Barricadas no Senado
O ambiente político no Senado ficou francamente desfavorável ao governo e às propostas da equipe econômica nas últimas semanas. Lá, a minirreforma trabalhista foi derrotada em plenário por 47 votos contrários contra 27. A reforma do Imposto de Renda ainda não tem data para ser votada.
Eleito com apoio do governo, o presidente do Senado, Rodrigo Pacheco (DEM-MG), devolveu ainda a MP que alterava as regras de postagens em redes sociais, arquivou sem analisar o mérito do pedido de impeachment de Alexandre de Moraes e ainda suspendeu as sessões da Casa depois das declarações de Bolsonaro na avenida Paulista.
A indicação de André Mendonça para a vaga de ministro no Supremo Tribunal Federal, que chegou à Casa em 13 de julho, não tem data para ser votada. É no Senado que corre a CPI da Pandemia, que é foco de desgaste para o governo.
“O que os últimos dados mostraram é que a pressão inflacionária ficou absolutamente clara e o Banco Central vai ter de corrigir isso. O governo já abandonou qualquer agenda reformista e não será o Congresso que vai tocar isso. Deve ficar pro próximo governo”, afirma Emerson Marçal, coordenador do da da Fundação Getulio Vargas ( ).
No radar ainda está o desafio da crise hídrica, que vai restringir a oferta de energia – o que, na opinião do professor, deverá adicionar efeitos recessivos e inflacionários, ao mesmo tempo.
“Talvez demore bastante para o país recuperar o investment grade , que é uma coisa que nem se fala mais hoje”, pondera.
Dia da marmota
A falta de coordenação política tem um peso significativo na deterioração das expectativas e na exigência de prêmios de risco cada vez maiores, diz Adauto Lima, economista-chefe da Western Asset no Brasil (US$ 500 bilhões sob gestão globalmente, R$ 50 bilhões no Brasil).
Um dos sinais de alerta acendeu quando a reforma do Imposto de Renda passou na Câmara. O governo enviou um texto, que previa a tributação de dividendos como fonte de renda para o Auxílio Brasil, novo nome do Bolsa Família. Com mudanças feitas na tramitação na Câmara, o texto enviado ao Senado prevê uma alíquota menor na cobrança de dividendos e isenção para empresas com faturamento de até R$ 4,8 milhões/ano.

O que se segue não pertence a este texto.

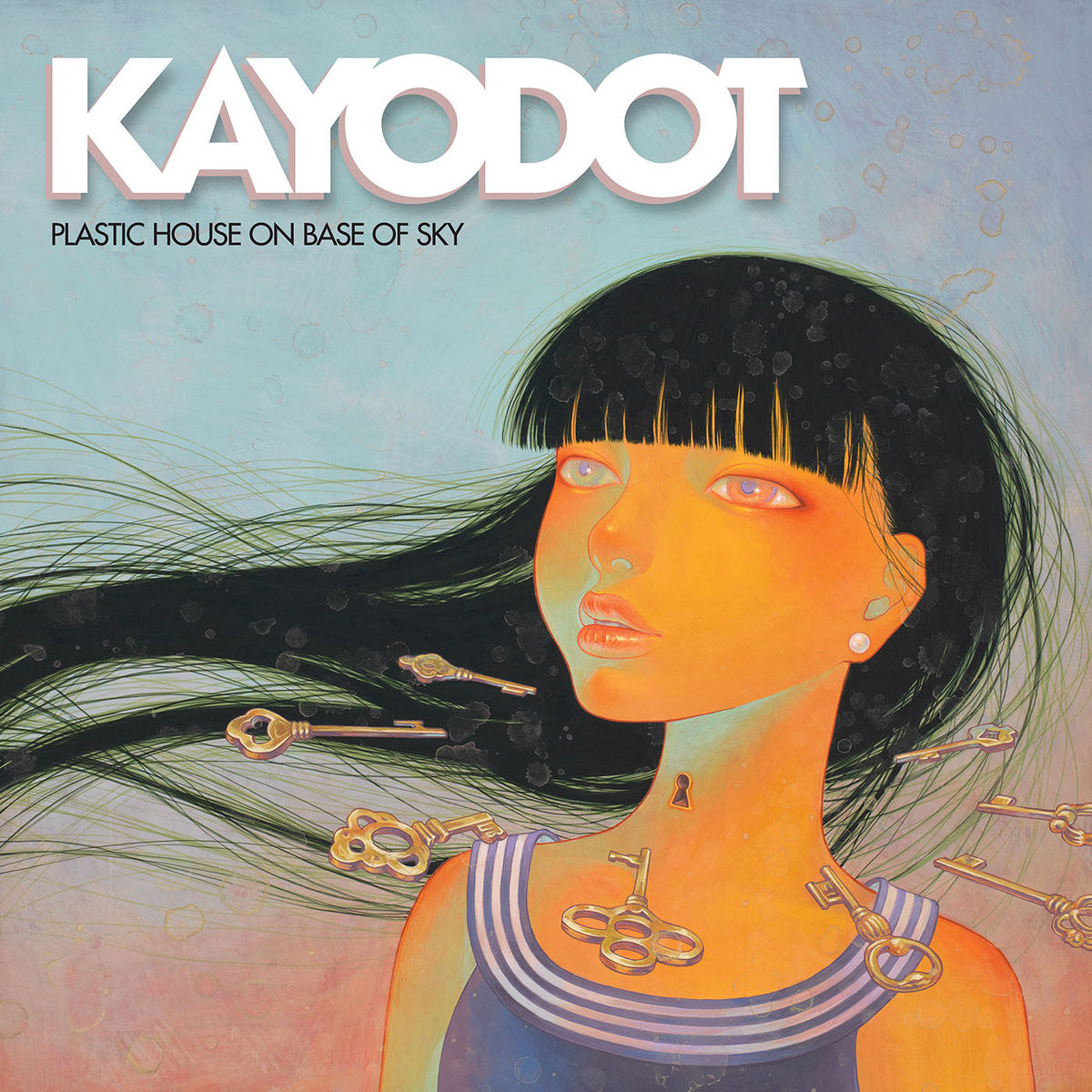 Kayo Dot – Plastic House On Base Of Sky LP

“O aumento do gasto com o Bolsa Família requer um funding permanente e o dividendo seria a fonte. Mas o texto que saiu da Câmara já tem uma estimativa de perda de receita de R$ 50 bilhões. De onde vai vir o dinheiro então? Aí começam surgir aquelas ideias que ninguém teve antes, como estender o auxílio emergencial porque aí fica fora do teto”, analisa Lima.
Segundo ele, questões como essa e a dos precatórios, também em aberto, fazem as expectativas dos agentes econômicos levarem em conta que o processo não é funcional. “A percepção é que a gente vai no limite e depois fica fazendo sempre aquém do necessário, tudo isso vai se incorporando ao risco”, disse.
O problema de fundo, afirma, é que “parece que o meio político cansou do teto de gastos”.
O economista-chefe da Western Asset encontrou num clássico da Sessão da Tarde a metáfora para explicar por que as expectativas caem e os prêmios de risco sobem no Brasil: “Eu tenho a impressão que a gente está vivendo como naquele filme o Dia da Marmota, em que o cara acorda sempre no mesmo dia. Você acorda todo dia com precatório, Imposto de Renda e Bolsa Família. Amanhã será de novo precatório, Imposto de Renda e Bolsa Família.”
Groundhog Day (“O Feitiço do Tempo”, na versão brasileira) é uma comédia de 1993, estrelada por Bill Murray e Andie MacDowell. A direção é de Harold Ramis.